Limitations of Prior Work: MSE operates in the Euclidean space for point-wise comparison, which fails to capture the semantic structure of high-dimensional manifolds. Theoretically, MMD requires taking the supremum in the Reproducing Kernel Hilbert Space (RKHS), but in practice, most methods directly align the first-order moments in the feature space, which violates the theoretical requirements of MMD. Point-wise moment alignment is not equivalent to identical distributions, thereby limiting the quality of synthetic data.

Key Challenge: Existing distribution distance metrics are either comprehensive-deficient (point-wise MSE, moment-matching MMD) or fixed metrics that cannot adaptively adjust, thus failing to accurately capture the distribution mismatch between real and synthetic data.

Goal: Design a theoretically complete and adaptively optimizable distribution distance metric to achieve a balance between authenticity and diversity in synthetic data.

Key Insight: The Characteristic Function (CF) is the Fourier transform of the probability density function, which uniquely determines the cumulative distribution function and can fully characterize distribution information.
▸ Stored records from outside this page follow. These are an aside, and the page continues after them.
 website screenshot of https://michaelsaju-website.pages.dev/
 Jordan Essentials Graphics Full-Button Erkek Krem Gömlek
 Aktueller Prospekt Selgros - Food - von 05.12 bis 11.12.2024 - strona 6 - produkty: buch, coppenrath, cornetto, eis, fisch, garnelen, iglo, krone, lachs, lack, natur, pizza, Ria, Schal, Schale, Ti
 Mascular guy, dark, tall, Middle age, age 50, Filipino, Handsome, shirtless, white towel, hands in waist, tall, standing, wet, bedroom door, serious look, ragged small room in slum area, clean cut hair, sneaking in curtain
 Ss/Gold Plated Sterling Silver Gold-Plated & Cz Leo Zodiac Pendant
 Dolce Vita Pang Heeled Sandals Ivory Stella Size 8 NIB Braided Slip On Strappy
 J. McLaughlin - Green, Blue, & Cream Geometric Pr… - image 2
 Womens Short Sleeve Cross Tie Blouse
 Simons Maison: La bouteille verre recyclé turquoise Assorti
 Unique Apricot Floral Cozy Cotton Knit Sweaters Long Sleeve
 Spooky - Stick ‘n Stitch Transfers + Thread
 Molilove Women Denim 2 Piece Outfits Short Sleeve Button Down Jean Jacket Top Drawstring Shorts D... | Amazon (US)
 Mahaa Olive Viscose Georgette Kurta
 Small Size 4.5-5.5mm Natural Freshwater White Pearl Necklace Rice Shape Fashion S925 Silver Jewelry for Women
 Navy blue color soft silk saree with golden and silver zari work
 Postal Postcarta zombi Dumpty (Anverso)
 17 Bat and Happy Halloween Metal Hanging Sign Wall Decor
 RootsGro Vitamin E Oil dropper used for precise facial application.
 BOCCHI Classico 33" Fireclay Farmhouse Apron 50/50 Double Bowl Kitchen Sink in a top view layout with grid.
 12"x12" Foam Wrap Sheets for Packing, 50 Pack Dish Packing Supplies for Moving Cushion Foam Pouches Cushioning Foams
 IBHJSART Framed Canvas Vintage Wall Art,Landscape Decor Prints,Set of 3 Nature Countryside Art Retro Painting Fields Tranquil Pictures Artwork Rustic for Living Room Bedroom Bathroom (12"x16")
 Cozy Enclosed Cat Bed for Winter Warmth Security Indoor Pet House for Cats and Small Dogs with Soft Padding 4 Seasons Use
By introducing CF into distribution matching and utilizing an adversarial framework, the metric can be learnable and adaptive.

Core Idea: Parameterize the frequency sampling strategy of the characteristic function using a neural network. Through minmax optimization, the model adaptively learns the metric that best distinguishes between real and synthetic distributions, while simultaneously optimizing the synthetic data to minimize this metric.

Method¶

Overall Architecture¶

The real and synthetic data are taken as inputs and mapped to a latent space via a feature extractor \(f\), after which the Neural Characteristic Function Difference (NCFD) on the complex plane is calculated. The sampling network \(\psi\) learns the optimal frequency sampling distribution by maximizing the NCFD, while the synthetic data \(\tilde{\mathcal{D}}\) converges towards the real distribution by minimizing the NCFD. The entire optimization alternates between max and min steps.

Key Designs¶

Neural Characteristic Function Difference (NCFD):
- Function: Serves as a distribution distance metric that fully captures distribution information.
- Mechanism: CFD is defined based on the characteristic function \(\Phi_{\bm{x}}(\bm{t}) = \mathbb{E}[e^{j\langle \bm{t}, \bm{x}\rangle}]\). Via Euler's formula, CFD is decomposed into two components: the magnitude difference \(|\Phi_x(t) - \Phi_{\tilde{x}}(t)|^2\) (controlling distribution scale/diversity) and the phase difference \(1-\cos(a_x(t)-a_{\tilde{x}}(t))\) (controlling data center/authenticity), which are balanced using a hyperparameter \(\alpha\). CFD is theoretically proven to satisfy non-negativity, symmetry, and the triangle inequality as a valid distance metric.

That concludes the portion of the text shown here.